After Hitler invaded Russia, a London publican said to Claud Cockburn (p. 226):

“I can see it coming, Claud. The Communists are going to take over the country when this little lot’s finished with. And I don’t say they shouldn’t. I don’t say you don’t have common human justice on your side, Claud. All I ask of you is just one thing.”

“What’s that, Harry?”

“All I ask, Claud, is when you and your pals take over and make that great revolution, that you’ll just leave me my King, my constitution and my country.”

He had tears in his eyes, and it was hard not to be able to offer him a binding guarantee.


The power of Parliament is awesome. If sufficiently explicit, an Act passed by both Houses and receiving Royal Assent overrides any other law, treaty or authority anywhere. That is absolute sovereignty. The Crown in Parliament is not bound by any principle or aim other than the expression of the people’s will in pursuit of the nation’s interests.

Its unpredictability and complete liberty is what political zealots cannot stand; they wish to replace a purely procedural system with some programme and administrative arrangement that embodies their philosophy, and then our debates can be at an end.
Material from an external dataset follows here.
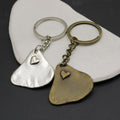 Metal Heart Nameplate Keychain Bag Charm Gift For Daily Use view 4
Nor is it only the Left that undermines us. We have been betrayed on all sides by Quislings enriching themselves by colluding with multinational corporations and supranational organisations trending towards centralised global control. If they succeed, we shall find that absolute power, as Baron Acton said, corrupts absolutely, and that “RULERS”, as Coleridge said, “are as bad as they dare to be”.

How quickly politicians will shake off the common people who give them legitimacy! A touchstone for this misbehaviour is the German Foreign Minister Annalena Baerbock’s arrogant dismissal of democracy when she said she would stand with Ukraine “no matter what my German voters think“. It is especially ironic that she was not voted into the Bundestag personally, but simply through leading the Green Party under Germany’s proportional representation setup.

Our own system is still imperfect, and has flaws that can be exploited by the ruthless to turn it into a self-destroying machine. When in 1780 John Dunning moved that “the influence of the Crown has increased, is increasing, and ought to be diminished”, it was not anticipated that the office of the Prime Minister might become a tyranny, using the monarch’s Royal Prerogative; yet (for example) almost the first act of Blair’s New Labour Government was to politicise the Civil Service in a Privy Council meeting. The comprehensive damage to our constitution had been planned in advance like a bank raid.

In 1789, Thomas Jefferson mooted a periodic constitutional convention so that the living citizens of the United States could re-determine how they governed themselves. If we British value our freedom, then we must find some way to do the same; it cannot be left to a crypto-Communist cabal ruling us on the basis of a freakish electoral result that has already lost a significant portion of its tiny minority of supporters after less than four months.


Reposted from Wolves of Westminster.